Una postilla: e la stagflazione?

Avevamo iniziato l’analisi con l’interrogativo della stagflazione, binomio patologico temuto, in quanto il contrasto dell’inflazione, attraverso l’aumento dei tassi di interesse, acuisce in realtà l’altra metà della malattia, ossia la recessione, e riduce la base fiscale per contrastare la domanda debole, tanto che nella stagflazione si può restare avvolti per molto tempo.

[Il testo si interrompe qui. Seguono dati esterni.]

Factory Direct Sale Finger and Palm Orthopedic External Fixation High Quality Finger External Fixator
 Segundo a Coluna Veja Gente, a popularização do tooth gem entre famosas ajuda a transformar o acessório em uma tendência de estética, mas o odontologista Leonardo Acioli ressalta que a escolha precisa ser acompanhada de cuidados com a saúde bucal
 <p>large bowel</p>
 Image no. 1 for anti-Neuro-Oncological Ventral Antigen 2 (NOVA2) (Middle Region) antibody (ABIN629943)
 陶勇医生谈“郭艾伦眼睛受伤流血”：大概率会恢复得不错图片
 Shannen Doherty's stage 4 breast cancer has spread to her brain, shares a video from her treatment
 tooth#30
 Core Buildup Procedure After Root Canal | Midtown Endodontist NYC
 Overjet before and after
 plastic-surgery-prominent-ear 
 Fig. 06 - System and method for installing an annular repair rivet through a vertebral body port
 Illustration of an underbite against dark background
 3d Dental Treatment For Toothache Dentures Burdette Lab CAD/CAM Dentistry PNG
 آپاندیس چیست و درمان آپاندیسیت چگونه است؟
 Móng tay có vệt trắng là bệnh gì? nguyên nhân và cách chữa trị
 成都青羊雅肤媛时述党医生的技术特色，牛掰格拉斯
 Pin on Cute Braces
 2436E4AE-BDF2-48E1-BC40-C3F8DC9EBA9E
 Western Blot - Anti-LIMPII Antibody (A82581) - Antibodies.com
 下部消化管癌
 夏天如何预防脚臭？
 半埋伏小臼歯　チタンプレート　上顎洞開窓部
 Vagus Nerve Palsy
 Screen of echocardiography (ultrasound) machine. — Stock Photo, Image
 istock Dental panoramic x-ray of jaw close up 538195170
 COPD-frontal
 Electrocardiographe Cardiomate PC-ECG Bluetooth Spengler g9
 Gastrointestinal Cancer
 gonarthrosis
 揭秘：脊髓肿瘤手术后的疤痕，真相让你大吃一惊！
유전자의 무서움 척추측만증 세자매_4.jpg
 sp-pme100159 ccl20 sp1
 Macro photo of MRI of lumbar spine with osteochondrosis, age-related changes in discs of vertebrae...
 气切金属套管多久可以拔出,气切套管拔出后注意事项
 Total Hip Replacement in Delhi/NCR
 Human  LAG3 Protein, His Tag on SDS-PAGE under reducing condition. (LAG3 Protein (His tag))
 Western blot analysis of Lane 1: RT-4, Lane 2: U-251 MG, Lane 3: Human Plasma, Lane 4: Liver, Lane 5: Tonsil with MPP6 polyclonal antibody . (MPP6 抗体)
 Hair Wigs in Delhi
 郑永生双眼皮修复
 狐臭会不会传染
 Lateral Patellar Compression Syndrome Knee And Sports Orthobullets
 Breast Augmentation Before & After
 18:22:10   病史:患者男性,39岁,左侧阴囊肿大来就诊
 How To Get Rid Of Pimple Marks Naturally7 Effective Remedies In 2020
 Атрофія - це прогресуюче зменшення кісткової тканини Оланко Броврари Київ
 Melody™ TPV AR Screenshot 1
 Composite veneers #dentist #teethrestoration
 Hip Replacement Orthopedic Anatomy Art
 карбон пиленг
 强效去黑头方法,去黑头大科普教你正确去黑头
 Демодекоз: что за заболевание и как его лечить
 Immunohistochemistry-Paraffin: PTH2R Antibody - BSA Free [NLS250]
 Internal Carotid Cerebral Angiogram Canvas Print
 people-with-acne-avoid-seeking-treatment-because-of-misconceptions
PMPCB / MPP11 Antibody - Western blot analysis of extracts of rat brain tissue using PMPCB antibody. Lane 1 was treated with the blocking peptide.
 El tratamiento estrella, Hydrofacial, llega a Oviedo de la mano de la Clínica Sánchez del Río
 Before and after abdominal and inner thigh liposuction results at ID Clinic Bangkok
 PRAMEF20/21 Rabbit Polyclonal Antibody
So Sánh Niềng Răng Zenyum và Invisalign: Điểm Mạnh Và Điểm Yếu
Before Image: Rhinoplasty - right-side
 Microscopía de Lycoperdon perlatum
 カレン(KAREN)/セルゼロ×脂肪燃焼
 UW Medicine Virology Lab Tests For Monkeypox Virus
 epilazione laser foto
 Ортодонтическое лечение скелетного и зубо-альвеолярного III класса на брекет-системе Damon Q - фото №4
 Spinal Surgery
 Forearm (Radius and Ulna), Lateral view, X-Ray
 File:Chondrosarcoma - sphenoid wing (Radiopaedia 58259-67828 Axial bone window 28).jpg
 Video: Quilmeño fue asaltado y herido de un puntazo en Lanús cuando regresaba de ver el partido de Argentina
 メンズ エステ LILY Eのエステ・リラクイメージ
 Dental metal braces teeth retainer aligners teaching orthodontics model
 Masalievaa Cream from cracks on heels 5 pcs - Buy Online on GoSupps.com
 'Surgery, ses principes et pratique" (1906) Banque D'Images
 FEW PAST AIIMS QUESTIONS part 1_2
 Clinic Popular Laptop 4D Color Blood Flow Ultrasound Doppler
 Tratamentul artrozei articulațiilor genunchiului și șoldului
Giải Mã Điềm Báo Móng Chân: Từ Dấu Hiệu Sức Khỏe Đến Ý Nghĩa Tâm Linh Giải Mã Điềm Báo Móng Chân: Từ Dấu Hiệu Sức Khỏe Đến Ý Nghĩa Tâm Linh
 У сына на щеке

Per il momento, quanto meno in Italia, la stagflazione non c’è. La produzione industriale non è forte, ma i settori forti e rilevanti non sono in flessione, come abbiamo visto. Inoltre i consumi stanno continuando a tenere, così come l’occupazione generale. La stagflazione è piuttosto un rischio che una realtà, per ora. Il rischio è dovuto al fatto che la politica monetaria di rialzo dei tassi può controllare l’offerta di credito e la domanda totale, ma non le fonti di un’inflazione che non è da eccesso di domanda ma che deriva sul fronte salariale dal mismatch tra domanda e offerta di capitale umano specifico e generico, che fa salire i salari delle figure professionali più rare. Mentre sul fronte non salariale l’inflazione deriva dai colli di bottiglia e dalle scarsità emerse dopo la crisi pandemica ed ucraina, che hanno impattato sul costo dei prodotti. Il contrasto di questa inflazione non è facile e si può esercitare solo con l’adeguamento dell’offerta delle scarsità come i microchip o il capitale umano specifico, cosa per la quale ci vuole tempo, perseveranza, e … una Bce non troppo zelante.